Nothing in the article you linked to says that the wealthy gulf states (Saudi Arabia, Kuwait, UAE, Oman, etc.) are accepting refugees. From what I’ve read, the big 6 wealthy gulf countries have agreed to take zero refugees.

The Arab countries that have do their part are primarily Egypt, Jordan, and Lebanon. Basically only the poorer countries.

Not only are they not taking refugees, but the big 6 wealthy gulf countries, particularly Saudi Arabia, are the ones funding ISIS, which is creating this refugee disaster in the first place.
———————————————————-
Canadians should just wake up and stop the feel good self flagellation.

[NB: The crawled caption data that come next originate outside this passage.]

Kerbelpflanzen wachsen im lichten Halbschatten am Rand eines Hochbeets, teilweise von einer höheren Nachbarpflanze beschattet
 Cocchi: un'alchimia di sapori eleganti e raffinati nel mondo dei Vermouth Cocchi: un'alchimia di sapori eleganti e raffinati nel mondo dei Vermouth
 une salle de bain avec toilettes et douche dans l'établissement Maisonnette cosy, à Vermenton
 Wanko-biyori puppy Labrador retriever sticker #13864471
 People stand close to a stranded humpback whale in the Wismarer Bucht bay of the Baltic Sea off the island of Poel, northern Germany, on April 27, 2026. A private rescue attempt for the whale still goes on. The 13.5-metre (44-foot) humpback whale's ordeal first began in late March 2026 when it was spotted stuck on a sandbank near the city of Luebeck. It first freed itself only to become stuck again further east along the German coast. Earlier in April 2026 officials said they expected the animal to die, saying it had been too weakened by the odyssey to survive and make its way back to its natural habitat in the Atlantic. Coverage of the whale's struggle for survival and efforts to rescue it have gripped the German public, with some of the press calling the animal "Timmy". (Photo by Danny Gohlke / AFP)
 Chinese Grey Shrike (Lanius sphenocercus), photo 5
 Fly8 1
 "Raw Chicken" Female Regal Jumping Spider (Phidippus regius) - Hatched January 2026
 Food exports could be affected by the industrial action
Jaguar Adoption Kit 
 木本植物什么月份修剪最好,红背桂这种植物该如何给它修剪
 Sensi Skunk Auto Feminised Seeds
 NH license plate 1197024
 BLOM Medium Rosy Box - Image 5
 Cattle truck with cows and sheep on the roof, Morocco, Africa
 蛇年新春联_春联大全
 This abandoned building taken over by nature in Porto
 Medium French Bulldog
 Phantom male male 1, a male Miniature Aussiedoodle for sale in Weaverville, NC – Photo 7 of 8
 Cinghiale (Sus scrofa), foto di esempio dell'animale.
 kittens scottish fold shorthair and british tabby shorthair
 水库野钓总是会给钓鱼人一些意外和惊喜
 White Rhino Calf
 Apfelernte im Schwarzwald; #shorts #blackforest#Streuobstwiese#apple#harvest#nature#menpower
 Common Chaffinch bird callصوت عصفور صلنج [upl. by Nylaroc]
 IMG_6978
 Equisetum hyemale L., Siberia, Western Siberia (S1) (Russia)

#213 OXI in GREECE !! on 09.04.15 at 5:33 pm

#199 jas on 09.04.15 at 4:20 pm
#188 Hotdogs ate my brain

I agree with you. I.T work can be done from offshore with no expensive office rents to pay. And the salary paid is a fraction of what one demands in the developed world.

Perhaps this also gives an interesting insight into why Warren Buffet is not a great fan of I.T industry.
<<<<<<<<<<<<<<<<<<<<<<<<<<<<<<<<<<

I'm surprised Social Media has not set up some kind of boycott blockade to IT companies that do this. There are many many choices for games, movies, entertainment etc these days. I would gladly stop buying anything from a company that uses "outsourced" IT which puts Canadians out of work.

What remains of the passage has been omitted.